══ DATA SUPPLIED

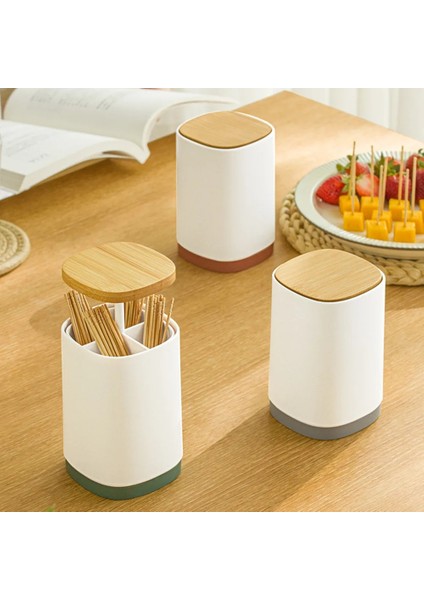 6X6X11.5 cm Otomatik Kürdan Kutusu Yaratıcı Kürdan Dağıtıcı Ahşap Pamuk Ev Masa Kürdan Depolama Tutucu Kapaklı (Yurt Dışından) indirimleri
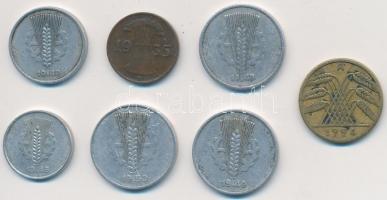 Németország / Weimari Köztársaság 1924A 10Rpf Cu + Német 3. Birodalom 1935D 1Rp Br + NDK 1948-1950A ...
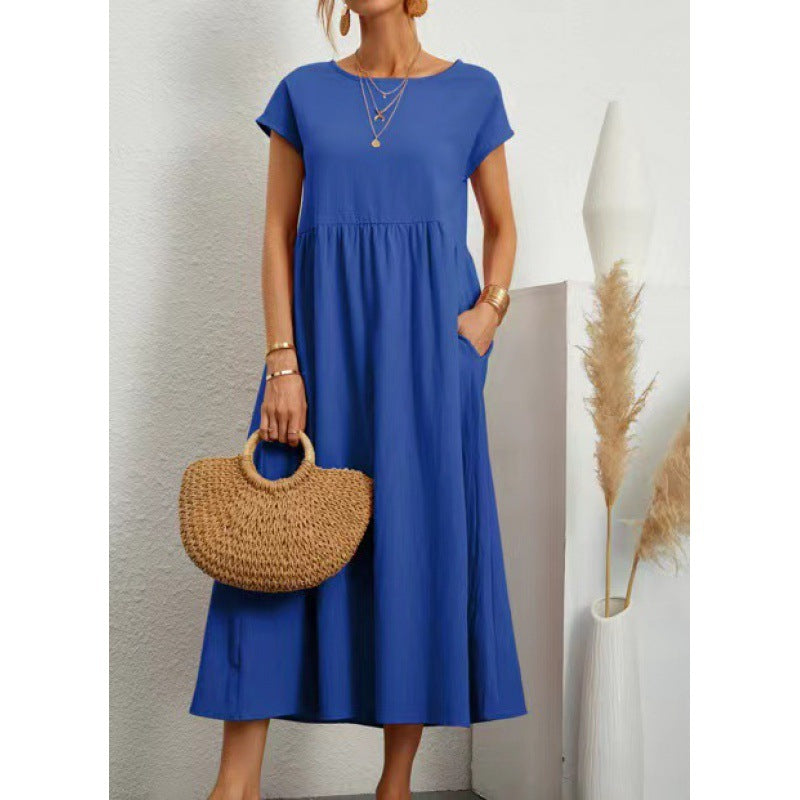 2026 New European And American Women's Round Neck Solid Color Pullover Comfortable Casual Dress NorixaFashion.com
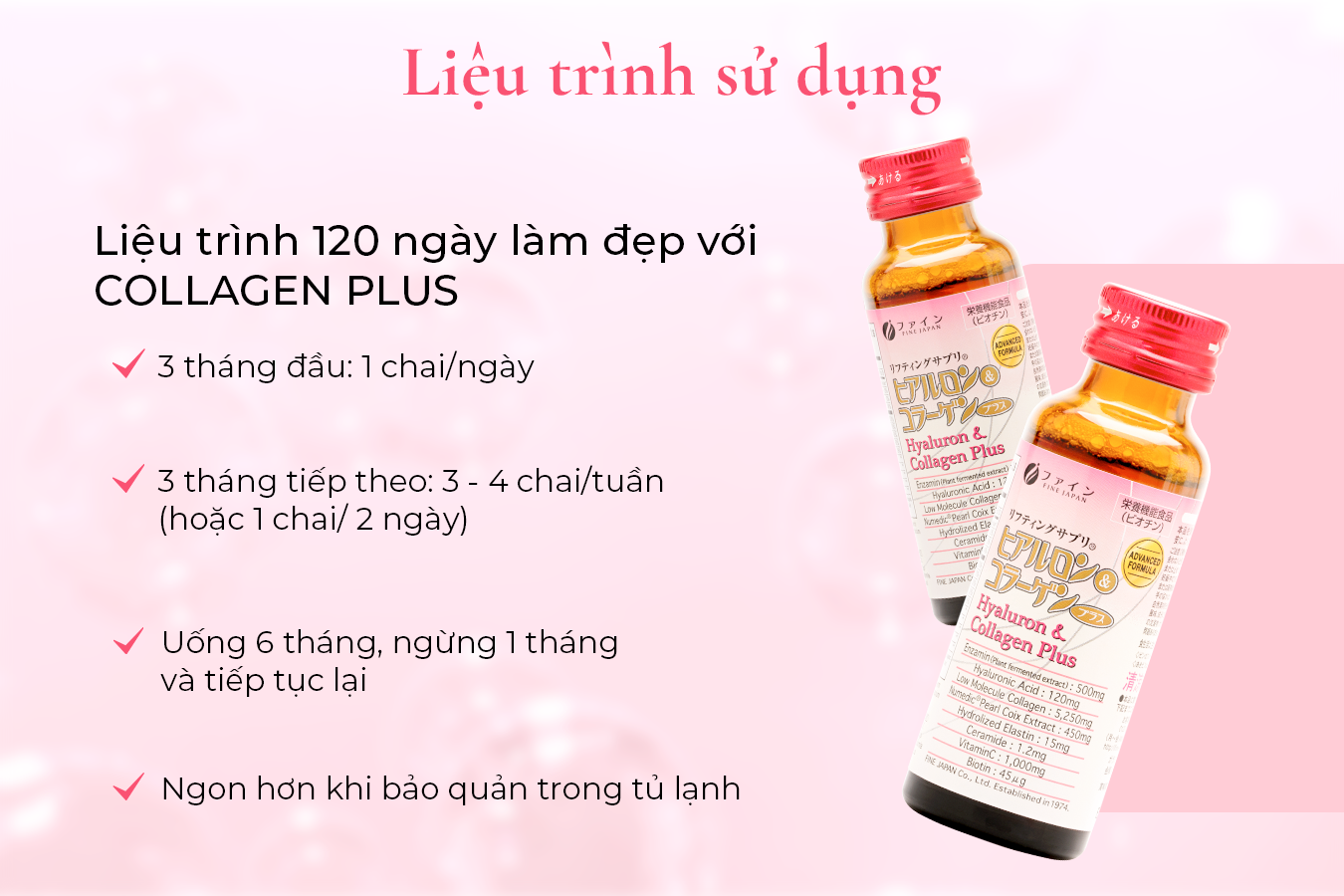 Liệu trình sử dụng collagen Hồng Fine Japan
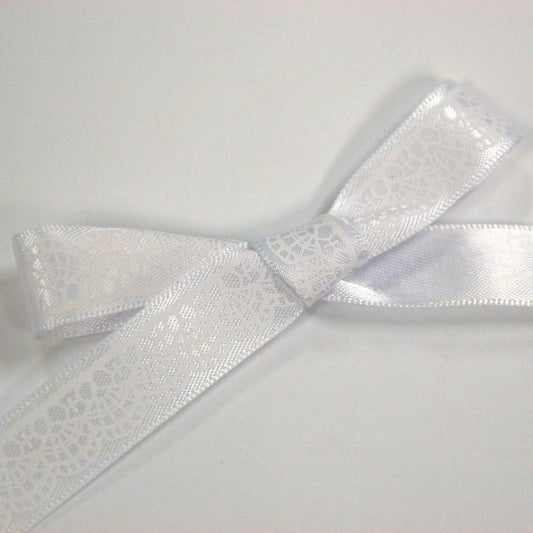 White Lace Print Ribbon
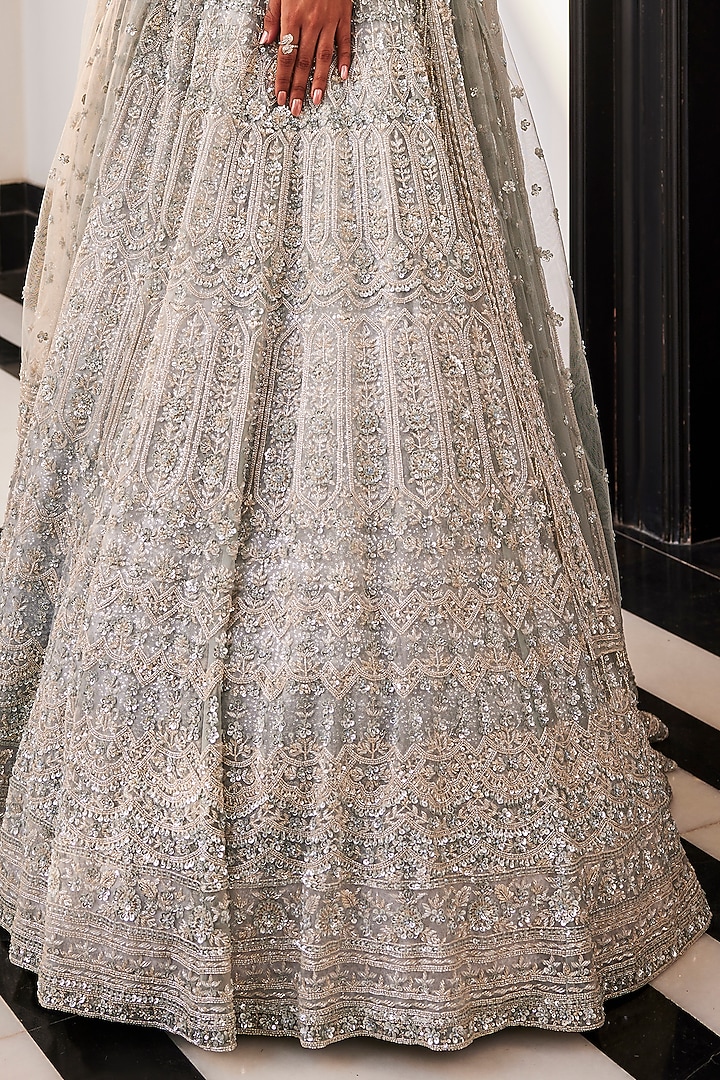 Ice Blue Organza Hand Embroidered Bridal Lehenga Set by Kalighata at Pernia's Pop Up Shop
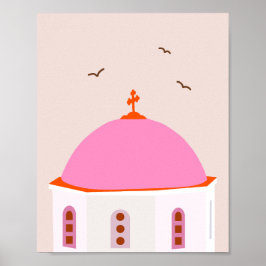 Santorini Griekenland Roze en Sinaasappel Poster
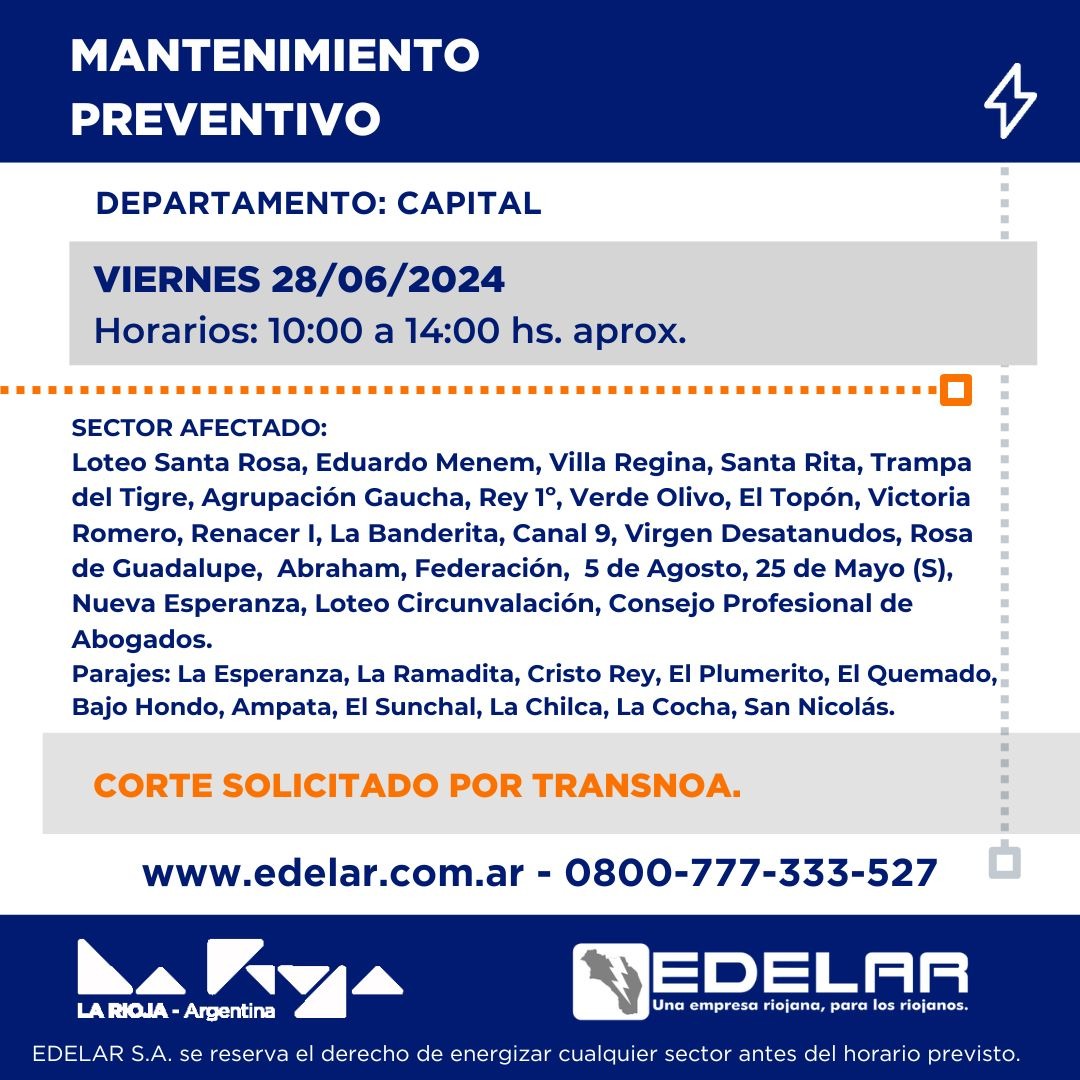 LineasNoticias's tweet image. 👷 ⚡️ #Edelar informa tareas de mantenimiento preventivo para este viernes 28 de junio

════

• [YOUR ASSIGNMENT] Please print, exactly as given, the lines running from the beginning of the listing through the line containing "White Lace Print Ribbon", omitting each picture.

• [TASK ANSWER]
 6X6X11.5 cm Otomatik Kürdan Kutusu Yaratıcı Kürdan Dağıtıcı Ahşap Pamuk Ev Masa Kürdan Depolama Tutucu Kapaklı (Yurt Dışından) indirimleri
 Németország / Weimari Köztársaság 1924A 10Rpf Cu + Német 3. Birodalom 1935D 1Rp Br + NDK 1948-1950A ...
 2026 New European And American Women's Round Neck Solid Color Pullover Comfortable Casual Dress NorixaFashion.com
 Liệu trình sử dụng collagen Hồng Fine Japan
 White Lace Print Ribbon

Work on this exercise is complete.